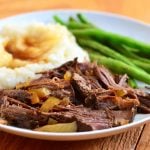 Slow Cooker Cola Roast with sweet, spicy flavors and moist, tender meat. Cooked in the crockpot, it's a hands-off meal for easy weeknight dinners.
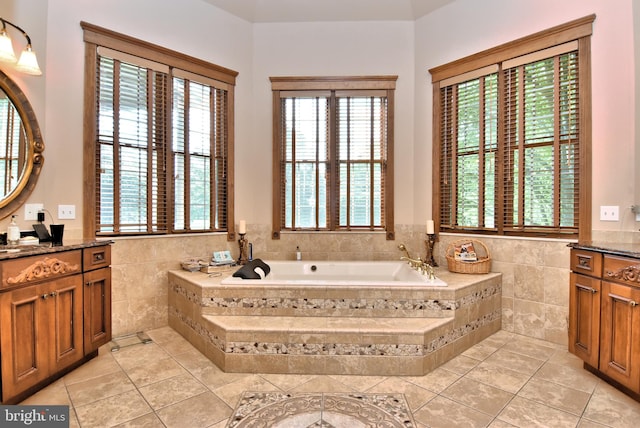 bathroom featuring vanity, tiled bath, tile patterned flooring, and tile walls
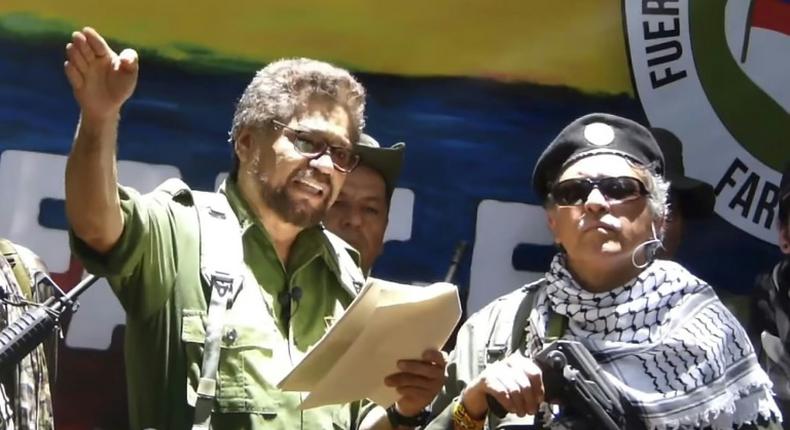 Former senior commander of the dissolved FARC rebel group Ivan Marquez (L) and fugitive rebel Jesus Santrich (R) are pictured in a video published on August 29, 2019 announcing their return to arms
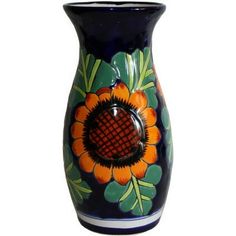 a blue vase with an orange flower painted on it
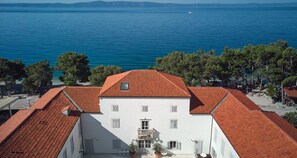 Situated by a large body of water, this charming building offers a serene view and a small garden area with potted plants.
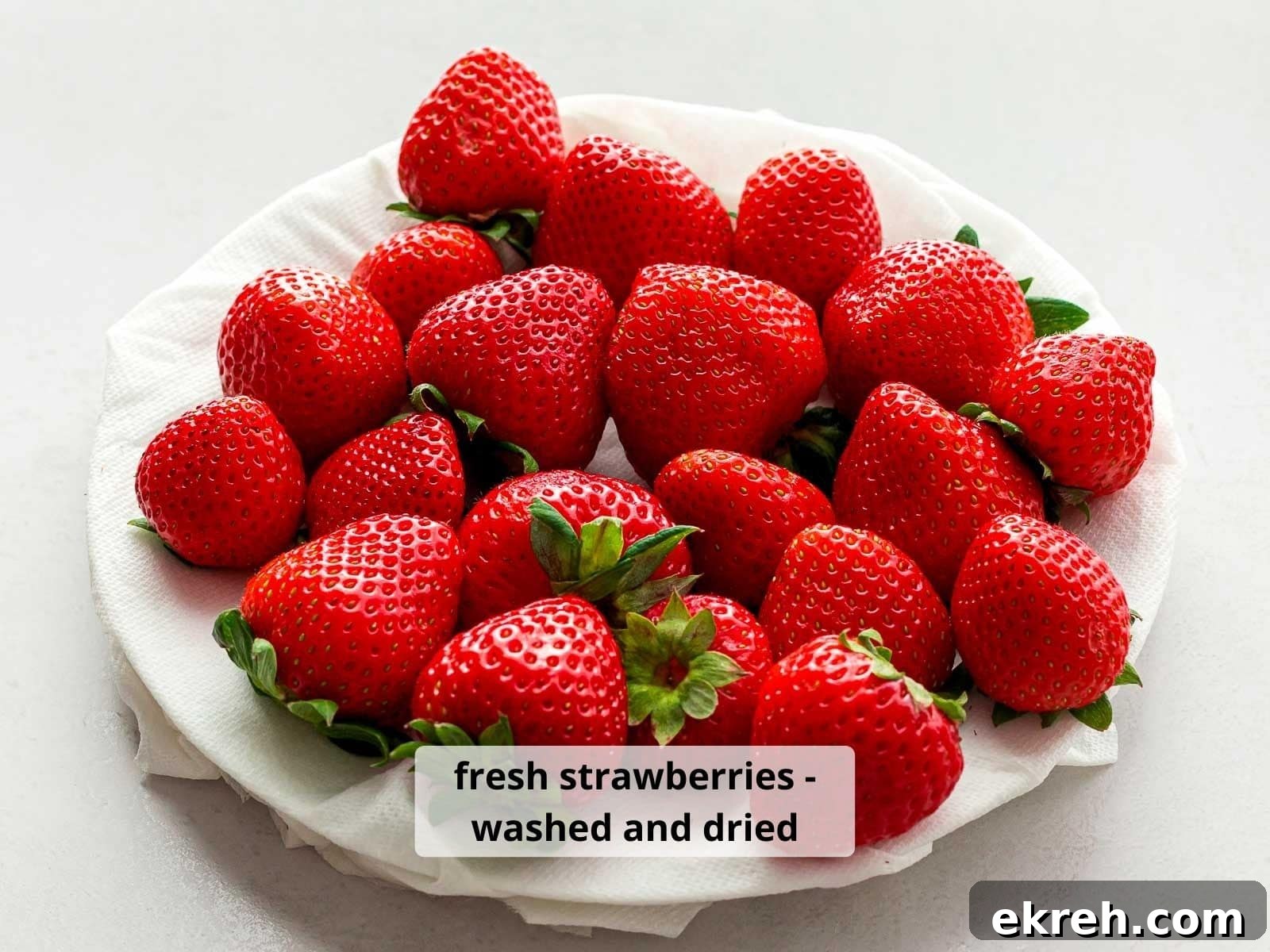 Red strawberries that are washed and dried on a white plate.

=====

**Goal of the exercise:** Repeat exactly the lines from the start of the entries down to the line with "bathroom featuring vanity, tiled", keeping both ends but none of the pictures.

**Output of the exercise:**
 Slow Cooker Cola Roast with sweet, spicy flavors and moist, tender meat. Cooked in the crockpot, it's a hands-off meal for easy weeknight dinners.
 bathroom featuring vanity, tiled bath, tile patterned flooring, and tile walls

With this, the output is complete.